▶ [ACTIVITY] Every line of the material that follows must be printed again exactly.

▬▬▬

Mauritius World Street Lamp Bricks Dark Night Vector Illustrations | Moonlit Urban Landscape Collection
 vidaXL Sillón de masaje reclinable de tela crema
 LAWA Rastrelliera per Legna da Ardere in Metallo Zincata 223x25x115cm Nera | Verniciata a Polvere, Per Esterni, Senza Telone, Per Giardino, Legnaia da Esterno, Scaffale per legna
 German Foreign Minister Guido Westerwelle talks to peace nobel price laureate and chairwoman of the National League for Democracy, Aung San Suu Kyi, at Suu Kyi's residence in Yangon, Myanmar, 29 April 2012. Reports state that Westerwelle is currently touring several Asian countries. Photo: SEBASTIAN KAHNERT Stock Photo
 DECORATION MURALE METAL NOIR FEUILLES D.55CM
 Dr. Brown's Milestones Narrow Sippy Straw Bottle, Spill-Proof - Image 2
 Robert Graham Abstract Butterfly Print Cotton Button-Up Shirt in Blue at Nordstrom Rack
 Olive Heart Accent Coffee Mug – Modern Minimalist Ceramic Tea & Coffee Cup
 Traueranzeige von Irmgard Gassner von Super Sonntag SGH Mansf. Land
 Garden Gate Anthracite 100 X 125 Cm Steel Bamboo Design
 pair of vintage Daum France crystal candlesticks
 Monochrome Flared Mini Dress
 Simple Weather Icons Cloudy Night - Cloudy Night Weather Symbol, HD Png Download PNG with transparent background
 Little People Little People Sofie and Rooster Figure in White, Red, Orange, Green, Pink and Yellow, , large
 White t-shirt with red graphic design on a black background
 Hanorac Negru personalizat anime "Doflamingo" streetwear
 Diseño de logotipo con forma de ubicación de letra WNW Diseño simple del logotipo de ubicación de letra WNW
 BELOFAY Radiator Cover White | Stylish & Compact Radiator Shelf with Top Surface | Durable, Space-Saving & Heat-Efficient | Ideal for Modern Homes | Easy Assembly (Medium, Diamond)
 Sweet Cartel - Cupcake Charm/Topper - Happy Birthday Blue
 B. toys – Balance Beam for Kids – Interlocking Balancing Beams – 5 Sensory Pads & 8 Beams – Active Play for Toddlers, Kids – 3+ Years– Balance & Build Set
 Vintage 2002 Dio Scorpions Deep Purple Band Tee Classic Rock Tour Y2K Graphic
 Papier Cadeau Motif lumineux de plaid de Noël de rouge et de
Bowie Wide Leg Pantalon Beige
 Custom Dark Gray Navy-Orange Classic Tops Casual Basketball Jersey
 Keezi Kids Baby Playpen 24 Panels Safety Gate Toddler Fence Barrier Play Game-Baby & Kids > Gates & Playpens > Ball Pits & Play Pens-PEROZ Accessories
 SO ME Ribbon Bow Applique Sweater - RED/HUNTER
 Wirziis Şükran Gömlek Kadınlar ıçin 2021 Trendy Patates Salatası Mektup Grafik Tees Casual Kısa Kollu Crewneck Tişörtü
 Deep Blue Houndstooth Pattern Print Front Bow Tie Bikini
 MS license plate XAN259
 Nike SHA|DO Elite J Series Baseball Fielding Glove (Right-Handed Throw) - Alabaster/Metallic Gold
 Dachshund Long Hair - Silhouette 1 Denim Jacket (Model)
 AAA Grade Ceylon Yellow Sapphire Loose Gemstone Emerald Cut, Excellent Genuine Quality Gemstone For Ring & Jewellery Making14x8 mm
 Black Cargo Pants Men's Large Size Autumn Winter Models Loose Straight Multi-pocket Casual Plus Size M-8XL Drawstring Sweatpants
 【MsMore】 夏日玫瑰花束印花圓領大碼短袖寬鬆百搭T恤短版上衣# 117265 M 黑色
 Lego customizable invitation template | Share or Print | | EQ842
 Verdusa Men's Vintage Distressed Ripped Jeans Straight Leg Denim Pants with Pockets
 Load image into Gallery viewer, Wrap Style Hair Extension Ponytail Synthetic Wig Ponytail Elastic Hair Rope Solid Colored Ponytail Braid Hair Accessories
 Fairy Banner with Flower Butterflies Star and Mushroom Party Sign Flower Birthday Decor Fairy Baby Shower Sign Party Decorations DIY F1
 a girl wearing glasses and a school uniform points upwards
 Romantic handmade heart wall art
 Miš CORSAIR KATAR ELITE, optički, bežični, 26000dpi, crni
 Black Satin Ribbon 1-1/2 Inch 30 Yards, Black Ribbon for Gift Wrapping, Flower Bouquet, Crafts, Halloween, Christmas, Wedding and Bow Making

▬▬▬

▶ [EXPECTED OUTPUT]
Mauritius World Street Lamp Bricks Dark Night Vector Illustrations | Moonlit Urban Landscape Collection
 vidaXL Sillón de masaje reclinable de tela crema
 LAWA Rastrelliera per Legna da Ardere in Metallo Zincata 223x25x115cm Nera | Verniciata a Polvere, Per Esterni, Senza Telone, Per Giardino, Legnaia da Esterno, Scaffale per legna
 German Foreign Minister Guido Westerwelle talks to peace nobel price laureate and chairwoman of the National League for Democracy, Aung San Suu Kyi, at Suu Kyi's residence in Yangon, Myanmar, 29 April 2012. Reports state that Westerwelle is currently touring several Asian countries. Photo: SEBASTIAN KAHNERT Stock Photo
 DECORATION MURALE METAL NOIR FEUILLES D.55CM
 Dr. Brown's Milestones Narrow Sippy Straw Bottle, Spill-Proof - Image 2
 Robert Graham Abstract Butterfly Print Cotton Button-Up Shirt in Blue at Nordstrom Rack
 Olive Heart Accent Coffee Mug – Modern Minimalist Ceramic Tea & Coffee Cup
 Traueranzeige von Irmgard Gassner von Super Sonntag SGH Mansf. Land
 Garden Gate Anthracite 100 X 125 Cm Steel Bamboo Design
 pair of vintage Daum France crystal candlesticks
 Monochrome Flared Mini Dress
 Simple Weather Icons Cloudy Night - Cloudy Night Weather Symbol, HD Png Download PNG with transparent background
 Little People Little People Sofie and Rooster Figure in White, Red, Orange, Green, Pink and Yellow, , large
 White t-shirt with red graphic design on a black background
 Hanorac Negru personalizat anime "Doflamingo" streetwear
 Diseño de logotipo con forma de ubicación de letra WNW Diseño simple del logotipo de ubicación de letra WNW
 BELOFAY Radiator Cover White | Stylish & Compact Radiator Shelf with Top Surface | Durable, Space-Saving & Heat-Efficient | Ideal for Modern Homes | Easy Assembly (Medium, Diamond)
 Sweet Cartel - Cupcake Charm/Topper - Happy Birthday Blue
 B. toys – Balance Beam for Kids – Interlocking Balancing Beams – 5 Sensory Pads & 8 Beams – Active Play for Toddlers, Kids – 3+ Years– Balance & Build Set
 Vintage 2002 Dio Scorpions Deep Purple Band Tee Classic Rock Tour Y2K Graphic
 Papier Cadeau Motif lumineux de plaid de Noël de rouge et de
Bowie Wide Leg Pantalon Beige
 Custom Dark Gray Navy-Orange Classic Tops Casual Basketball Jersey
 Keezi Kids Baby Playpen 24 Panels Safety Gate Toddler Fence Barrier Play Game-Baby & Kids > Gates & Playpens > Ball Pits & Play Pens-PEROZ Accessories
 SO ME Ribbon Bow Applique Sweater - RED/HUNTER
 Wirziis Şükran Gömlek Kadınlar ıçin 2021 Trendy Patates Salatası Mektup Grafik Tees Casual Kısa Kollu Crewneck Tişörtü
 Deep Blue Houndstooth Pattern Print Front Bow Tie Bikini
 MS license plate XAN259
 Nike SHA|DO Elite J Series Baseball Fielding Glove (Right-Handed Throw) - Alabaster/Metallic Gold
 Dachshund Long Hair - Silhouette 1 Denim Jacket (Model)
 AAA Grade Ceylon Yellow Sapphire Loose Gemstone Emerald Cut, Excellent Genuine Quality Gemstone For Ring & Jewellery Making14x8 mm
 Black Cargo Pants Men's Large Size Autumn Winter Models Loose Straight Multi-pocket Casual Plus Size M-8XL Drawstring Sweatpants
 【MsMore】 夏日玫瑰花束印花圓領大碼短袖寬鬆百搭T恤短版上衣# 117265 M 黑色
 Lego customizable invitation template | Share or Print | | EQ842
 Verdusa Men's Vintage Distressed Ripped Jeans Straight Leg Denim Pants with Pockets
 Load image into Gallery viewer, Wrap Style Hair Extension Ponytail Synthetic Wig Ponytail Elastic Hair Rope Solid Colored Ponytail Braid Hair Accessories
 Fairy Banner with Flower Butterflies Star and Mushroom Party Sign Flower Birthday Decor Fairy Baby Shower Sign Party Decorations DIY F1
 a girl wearing glasses and a school uniform points upwards
 Romantic handmade heart wall art
 Miš CORSAIR KATAR ELITE, optički, bežični, 26000dpi, crni
 Black Satin Ribbon 1-1/2 Inch 30 Yards, Black Ribbon for Gift Wrapping, Flower Bouquet, Crafts, Halloween, Christmas, Wedding and Bow Making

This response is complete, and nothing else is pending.